Here's how Rush Limbaugh mimics Hu Jintao's Chinese, with lots of S- and Z- and SH- and CHING CHONG sounds. (Embedded video from Colbert.) Limbaugh's now-infamous rendering of Chinese, introduced by "it sounds like all the same word," starts one minute in.
|The Colbert Report||Mon - Thurs 11:30pm / 10:30c|
|Rush Limbaugh Speaks Chinese|
My first impression while studying Chinese was exactly like Rush's -- that Chinese syllables all sound the same. Why did Rush Limbaugh get that impression, and why did I? It's possible that he and I took different paths toward that conclusion. Mine was based on linguistics, and here's a summary of the linguistic answer I wrote about in my book, Dreaming in Chinese:
Words in Chinese are drawn from an inventory of only about 400 syllables -- mostly short little consonant-vowel syllables like hu, ta, shi, ma, zhe, xi, hao, or those ending with an -N or -NG sound, like zhong or shan. Nearly all Chinese words are made from either one syllable, or two of these short syllables glued together. Compare this with English, which has about 4000 syllables to work with -- ten times as many -- and a great number of them very long and clumsy and very, very different from each other, like "stretched" or "glimpse" or "crabs". (Chinese does not have "consonant clusters" in its syllables, like the "gl" and "mps" of "glimpse.")
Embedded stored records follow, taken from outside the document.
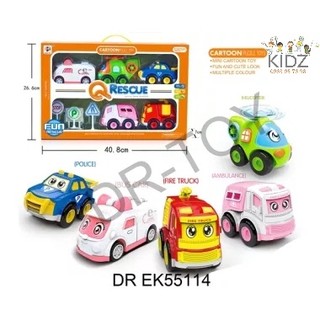 Bộ đồ chơi xe đà, xe ô tô, xe cứu hỏa, xe cứu thương, máy bay, xe cảnh sát dễ thương cho bé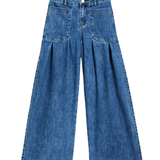 Double Pleat Patch Pocket Wide Leg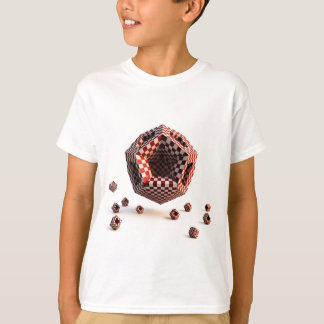 Red & White Checkerboard Geometric Objects Tシャツ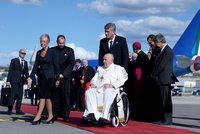 Papež František řeší v Marseille nápor migrantů ve Středozemním moři. Jejich odmítání má za hříšné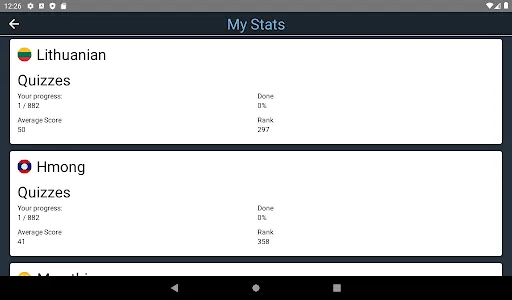Hmong Language Tests screenshot 14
There are so many possible combinations in English that it's not a matter of cultural insensitivity, but of simple phonetics and phonology, to say that English words don't "sound the same." (For the classic rendering of how English sounds if you don't understand it, there is this famous Italian music video, "Prisencolinensinainciusol.") But with so very few simple syllables to work with in Chinese, it's no wonder that Chinese words seem to all sound the same to us! Even if you're trying harder than Rush Limbaugh may have been.
To compound the problem, the Chinese sound system leans heavily on the family of S and Z sounds; Chinese has lots of variations of the consonant sounds of s, z, sh, ch, zh, x, ts, and other similar ones. English is missing a lot of these particularly Chinese sounds, so they sound alien to us, and we have a hard time hearing the differences among them. English speakers think that Chinese has even fewer different sounds than the small number it actually has, because the differences between a lot of them are ones we just don't hear.
So -- and I didn't imagine myself saying this -- in this case, Rush Limbaugh is right. To our English ears Chinese words all "sound the same."